[Items listed in a dataset]
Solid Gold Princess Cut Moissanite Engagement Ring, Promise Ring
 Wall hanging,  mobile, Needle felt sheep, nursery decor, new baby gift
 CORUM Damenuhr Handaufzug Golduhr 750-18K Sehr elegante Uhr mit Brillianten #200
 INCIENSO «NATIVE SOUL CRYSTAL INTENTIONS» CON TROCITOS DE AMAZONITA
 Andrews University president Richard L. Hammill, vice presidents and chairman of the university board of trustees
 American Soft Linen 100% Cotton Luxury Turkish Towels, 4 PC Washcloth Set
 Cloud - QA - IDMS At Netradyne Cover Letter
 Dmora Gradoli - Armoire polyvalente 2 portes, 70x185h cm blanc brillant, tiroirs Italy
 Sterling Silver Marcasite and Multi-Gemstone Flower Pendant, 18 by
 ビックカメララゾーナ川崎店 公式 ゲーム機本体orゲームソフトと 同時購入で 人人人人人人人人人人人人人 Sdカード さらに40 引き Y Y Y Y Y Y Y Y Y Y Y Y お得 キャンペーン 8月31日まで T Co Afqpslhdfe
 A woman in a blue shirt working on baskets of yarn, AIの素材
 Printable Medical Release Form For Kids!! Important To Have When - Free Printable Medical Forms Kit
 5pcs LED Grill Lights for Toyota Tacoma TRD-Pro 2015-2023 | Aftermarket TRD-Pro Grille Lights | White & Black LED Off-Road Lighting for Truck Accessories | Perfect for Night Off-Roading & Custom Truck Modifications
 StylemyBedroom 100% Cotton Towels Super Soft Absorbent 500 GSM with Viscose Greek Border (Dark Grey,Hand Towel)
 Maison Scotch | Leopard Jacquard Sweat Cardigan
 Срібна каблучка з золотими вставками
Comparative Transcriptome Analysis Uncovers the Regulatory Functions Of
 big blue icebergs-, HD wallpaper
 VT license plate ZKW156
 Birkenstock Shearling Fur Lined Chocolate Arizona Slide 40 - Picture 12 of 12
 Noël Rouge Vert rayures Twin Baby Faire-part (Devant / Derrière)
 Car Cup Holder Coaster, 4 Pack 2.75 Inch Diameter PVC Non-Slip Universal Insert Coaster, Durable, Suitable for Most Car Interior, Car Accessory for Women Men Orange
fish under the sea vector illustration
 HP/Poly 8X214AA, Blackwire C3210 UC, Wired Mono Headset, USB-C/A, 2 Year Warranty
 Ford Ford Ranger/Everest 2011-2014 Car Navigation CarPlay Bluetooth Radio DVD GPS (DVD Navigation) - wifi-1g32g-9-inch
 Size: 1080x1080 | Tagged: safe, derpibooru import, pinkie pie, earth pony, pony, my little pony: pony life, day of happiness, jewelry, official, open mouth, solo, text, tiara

### Problem statement
Repeat exactly the lines above, starting with the line that contains "VT license plate ZKW156" and ending with the last line, both included, and nothing else.

### Expected output
 VT license plate ZKW156
 Birkenstock Shearling Fur Lined Chocolate Arizona Slide 40 - Picture 12 of 12
 Noël Rouge Vert rayures Twin Baby Faire-part (Devant / Derrière)
 Car Cup Holder Coaster, 4 Pack 2.75 Inch Diameter PVC Non-Slip Universal Insert Coaster, Durable, Suitable for Most Car Interior, Car Accessory for Women Men Orange
fish under the sea vector illustration
 HP/Poly 8X214AA, Blackwire C3210 UC, Wired Mono Headset, USB-C/A, 2 Year Warranty
 Ford Ford Ranger/Everest 2011-2014 Car Navigation CarPlay Bluetooth Radio DVD GPS (DVD Navigation) - wifi-1g32g-9-inch
 Size: 1080x1080 | Tagged: safe, derpibooru import, pinkie pie, earth pony, pony, my little pony: pony life, day of happiness, jewelry, official, open mouth, solo, text, tiara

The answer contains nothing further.